Health

Local doctor believes pigs are directly involved in coronavirus transmission

BOSTON — For weeks, health officials have pegged a market in Wuhan, China as the likely source of the coronavirus outbreak, but a Boston doctor says not so fast. He says China is more of a victim of the virus and a farm animal may be important to transmission.

“We now know where it came from,” said Dr. Samuel Bogoch, Replikins, LLC. He says the coronavirus didn’t come from China.

Bogoch is the founder of the Boston Firm Replikins, which tracks infectious disease outbreaks and creates vaccines in response.

“Where it started, apparently, was a year before the outbreak in Wuhan,” he said.

Bogoch says that would make China the first victim of the virus, which has sickened some 28,000 worldwide and killed more than 500. His firm made the discovery using a proprietary software program that found key genomic similarities between virus samples in Wuhan and data from dozens of published reports last year.

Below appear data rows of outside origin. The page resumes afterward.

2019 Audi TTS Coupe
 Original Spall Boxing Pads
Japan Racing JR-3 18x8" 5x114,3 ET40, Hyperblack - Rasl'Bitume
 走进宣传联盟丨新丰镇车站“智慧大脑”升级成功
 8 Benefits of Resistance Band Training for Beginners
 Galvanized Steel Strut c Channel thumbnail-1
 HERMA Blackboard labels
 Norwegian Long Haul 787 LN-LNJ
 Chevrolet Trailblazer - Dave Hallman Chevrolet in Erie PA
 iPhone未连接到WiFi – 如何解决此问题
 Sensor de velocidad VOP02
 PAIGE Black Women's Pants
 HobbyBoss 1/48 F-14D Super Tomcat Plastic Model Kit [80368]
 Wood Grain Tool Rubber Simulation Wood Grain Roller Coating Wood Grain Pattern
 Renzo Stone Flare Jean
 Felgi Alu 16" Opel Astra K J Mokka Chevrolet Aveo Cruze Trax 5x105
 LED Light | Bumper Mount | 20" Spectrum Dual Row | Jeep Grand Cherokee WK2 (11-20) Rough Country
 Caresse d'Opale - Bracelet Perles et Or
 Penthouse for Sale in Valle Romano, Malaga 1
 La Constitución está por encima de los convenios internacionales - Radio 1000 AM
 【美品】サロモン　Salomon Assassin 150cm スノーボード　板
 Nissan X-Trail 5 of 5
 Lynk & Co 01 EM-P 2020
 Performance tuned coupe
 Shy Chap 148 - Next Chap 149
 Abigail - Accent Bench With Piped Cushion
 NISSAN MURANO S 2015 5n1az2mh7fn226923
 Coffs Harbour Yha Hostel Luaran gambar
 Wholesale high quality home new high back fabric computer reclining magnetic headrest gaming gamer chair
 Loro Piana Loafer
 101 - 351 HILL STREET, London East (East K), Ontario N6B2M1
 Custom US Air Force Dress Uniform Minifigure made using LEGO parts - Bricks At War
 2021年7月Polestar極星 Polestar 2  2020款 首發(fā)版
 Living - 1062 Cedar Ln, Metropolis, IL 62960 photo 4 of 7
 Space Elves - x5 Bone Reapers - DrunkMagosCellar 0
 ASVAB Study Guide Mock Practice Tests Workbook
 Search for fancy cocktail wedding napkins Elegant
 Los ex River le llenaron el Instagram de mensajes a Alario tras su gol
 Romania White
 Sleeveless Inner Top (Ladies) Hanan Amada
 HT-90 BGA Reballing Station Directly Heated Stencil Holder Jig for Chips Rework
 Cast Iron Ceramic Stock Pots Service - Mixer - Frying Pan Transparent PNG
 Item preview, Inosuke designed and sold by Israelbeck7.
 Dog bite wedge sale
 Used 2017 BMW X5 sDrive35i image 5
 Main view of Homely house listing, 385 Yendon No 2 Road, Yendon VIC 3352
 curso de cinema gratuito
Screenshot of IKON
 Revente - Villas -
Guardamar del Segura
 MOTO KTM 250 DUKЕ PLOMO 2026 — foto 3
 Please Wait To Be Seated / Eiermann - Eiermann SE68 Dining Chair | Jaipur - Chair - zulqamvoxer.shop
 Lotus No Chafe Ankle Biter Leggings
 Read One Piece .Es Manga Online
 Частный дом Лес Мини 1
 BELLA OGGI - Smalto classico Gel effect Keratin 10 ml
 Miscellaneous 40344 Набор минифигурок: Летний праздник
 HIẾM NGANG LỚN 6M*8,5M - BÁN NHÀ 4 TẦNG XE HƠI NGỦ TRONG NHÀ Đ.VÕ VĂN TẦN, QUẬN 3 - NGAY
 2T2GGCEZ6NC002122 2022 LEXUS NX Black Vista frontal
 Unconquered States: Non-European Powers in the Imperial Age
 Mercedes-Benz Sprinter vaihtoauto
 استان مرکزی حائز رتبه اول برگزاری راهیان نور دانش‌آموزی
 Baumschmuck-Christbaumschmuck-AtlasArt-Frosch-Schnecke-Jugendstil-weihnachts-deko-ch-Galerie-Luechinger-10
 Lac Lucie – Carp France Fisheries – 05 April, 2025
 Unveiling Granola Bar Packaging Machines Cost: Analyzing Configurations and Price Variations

“We don’t have exact comparison... amino acid to amino acid. In the sequences. But the computer lists them as Wuhan virus,” said Bogoch.

He wouldn’t say exactly where the first cases occurred but his data also suggested there is an animal directly involved in coronavirus transmission: pigs. Limiting the transport of pork, he says, could curb the spread of what has proven a highly contagious virus.

“It’s speeding up. The number of new cases every five days is doubling,” he said.

In response, Replikins has developed a synthetic coronavirus vaccine.

“If they know it’s available we’ve already got people standing in line who know that we’ve got something,” said Bogoch. Something to maybe stop the coronavirus outbreak from swelling into a pandemic.